New California Ed Laws Address Textbook Costs with OER Initiative

CA HIGHER ED GOING DIGITAL: Governor Jerry Brown is on a roll this week, signing into law two bills that amend the Donahoe Higher Education Act (coincidentally signed into law in 1960 by the governor's father, Governor Pat Brown). SB1052 and SB1053 call for the development of "50 high-quality, affordable, digital open source textbooks and related material" to be housed in the "California Digital Open Source Library", and accessible by public universities and community colleges in the state.

As this infographic from OpenContent points out, the average California undergrad spends more than $1600 on textbooks per year. Under SB1052, this cost could drop to zero -- especially in the first two years when students are likely to take the "strategically selected lower division courses" that the law targets.

Entrepreneurs and educators have reason to rejoice, too.
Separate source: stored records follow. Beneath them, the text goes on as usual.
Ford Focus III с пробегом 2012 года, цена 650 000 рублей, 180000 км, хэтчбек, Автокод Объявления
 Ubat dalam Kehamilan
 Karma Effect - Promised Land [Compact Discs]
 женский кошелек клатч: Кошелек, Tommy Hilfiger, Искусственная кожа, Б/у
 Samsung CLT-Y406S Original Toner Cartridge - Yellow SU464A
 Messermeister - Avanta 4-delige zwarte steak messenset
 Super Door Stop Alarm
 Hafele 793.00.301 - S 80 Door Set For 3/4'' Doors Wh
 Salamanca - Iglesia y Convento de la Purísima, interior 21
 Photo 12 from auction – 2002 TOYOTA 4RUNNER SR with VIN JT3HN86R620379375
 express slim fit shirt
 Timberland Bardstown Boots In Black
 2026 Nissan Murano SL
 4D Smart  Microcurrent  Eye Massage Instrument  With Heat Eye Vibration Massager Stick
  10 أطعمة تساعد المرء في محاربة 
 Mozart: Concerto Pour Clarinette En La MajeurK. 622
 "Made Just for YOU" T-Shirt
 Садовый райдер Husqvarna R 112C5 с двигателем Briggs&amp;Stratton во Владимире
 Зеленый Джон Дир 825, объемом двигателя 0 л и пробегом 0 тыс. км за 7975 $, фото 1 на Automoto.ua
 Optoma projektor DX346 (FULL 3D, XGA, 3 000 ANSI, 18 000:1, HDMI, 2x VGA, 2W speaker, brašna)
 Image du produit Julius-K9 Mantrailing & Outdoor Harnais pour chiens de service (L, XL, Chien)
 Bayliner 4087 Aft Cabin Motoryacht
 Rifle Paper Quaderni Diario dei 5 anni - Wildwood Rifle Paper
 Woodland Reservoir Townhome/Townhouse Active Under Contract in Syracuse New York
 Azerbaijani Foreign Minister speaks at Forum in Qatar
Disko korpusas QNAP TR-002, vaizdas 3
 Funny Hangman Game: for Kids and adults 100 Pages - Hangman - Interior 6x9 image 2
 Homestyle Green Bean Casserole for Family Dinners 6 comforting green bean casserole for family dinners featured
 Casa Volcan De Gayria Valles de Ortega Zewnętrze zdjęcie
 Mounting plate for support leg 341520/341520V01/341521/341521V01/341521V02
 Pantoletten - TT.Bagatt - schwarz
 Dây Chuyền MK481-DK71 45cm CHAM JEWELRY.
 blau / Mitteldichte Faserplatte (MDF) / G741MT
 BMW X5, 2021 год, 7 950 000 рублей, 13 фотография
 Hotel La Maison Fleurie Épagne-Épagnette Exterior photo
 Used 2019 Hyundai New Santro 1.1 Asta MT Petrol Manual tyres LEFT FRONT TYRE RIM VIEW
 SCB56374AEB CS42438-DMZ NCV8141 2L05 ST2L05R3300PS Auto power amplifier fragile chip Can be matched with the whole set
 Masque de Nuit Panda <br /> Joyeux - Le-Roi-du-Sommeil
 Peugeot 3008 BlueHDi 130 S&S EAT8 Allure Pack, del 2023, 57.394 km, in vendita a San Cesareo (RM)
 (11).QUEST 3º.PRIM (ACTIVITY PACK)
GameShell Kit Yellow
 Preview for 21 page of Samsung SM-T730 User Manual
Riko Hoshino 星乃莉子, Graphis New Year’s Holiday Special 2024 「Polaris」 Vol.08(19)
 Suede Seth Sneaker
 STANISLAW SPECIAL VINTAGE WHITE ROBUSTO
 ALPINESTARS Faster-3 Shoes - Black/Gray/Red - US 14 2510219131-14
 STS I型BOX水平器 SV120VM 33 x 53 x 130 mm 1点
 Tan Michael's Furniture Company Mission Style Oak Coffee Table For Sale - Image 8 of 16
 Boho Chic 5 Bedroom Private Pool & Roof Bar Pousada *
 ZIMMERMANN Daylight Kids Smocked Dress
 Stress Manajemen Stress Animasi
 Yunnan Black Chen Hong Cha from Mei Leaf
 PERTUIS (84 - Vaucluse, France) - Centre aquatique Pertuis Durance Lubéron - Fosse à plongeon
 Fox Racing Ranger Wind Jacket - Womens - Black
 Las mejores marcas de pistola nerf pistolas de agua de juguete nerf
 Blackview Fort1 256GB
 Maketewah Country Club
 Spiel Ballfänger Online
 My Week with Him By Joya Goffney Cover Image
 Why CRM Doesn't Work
In January 2013, the California Open Education Resources Council -- that's fancy talk for a newly formed group of university and community college faculty -- is expected to establish an RFP process for "faculty members, publishers, and other interested parties [to] apply for funds" to produce content for the selected courses.

SB1053 calls for the California Digital Open Source Library, a digital tome in the cloud "for students, faculty, and staff to easily find, adopt, utilize, or modify course materials for little or no cost." The library, to be governed under a Creative Commons attribution license, is dependent upon formation of the OER Council outlined in SB1052.

Both laws along with SB1458 which redefines California's Academic Performance Index, were introduced by California State Senate President pro Tem Darrell Steinberg.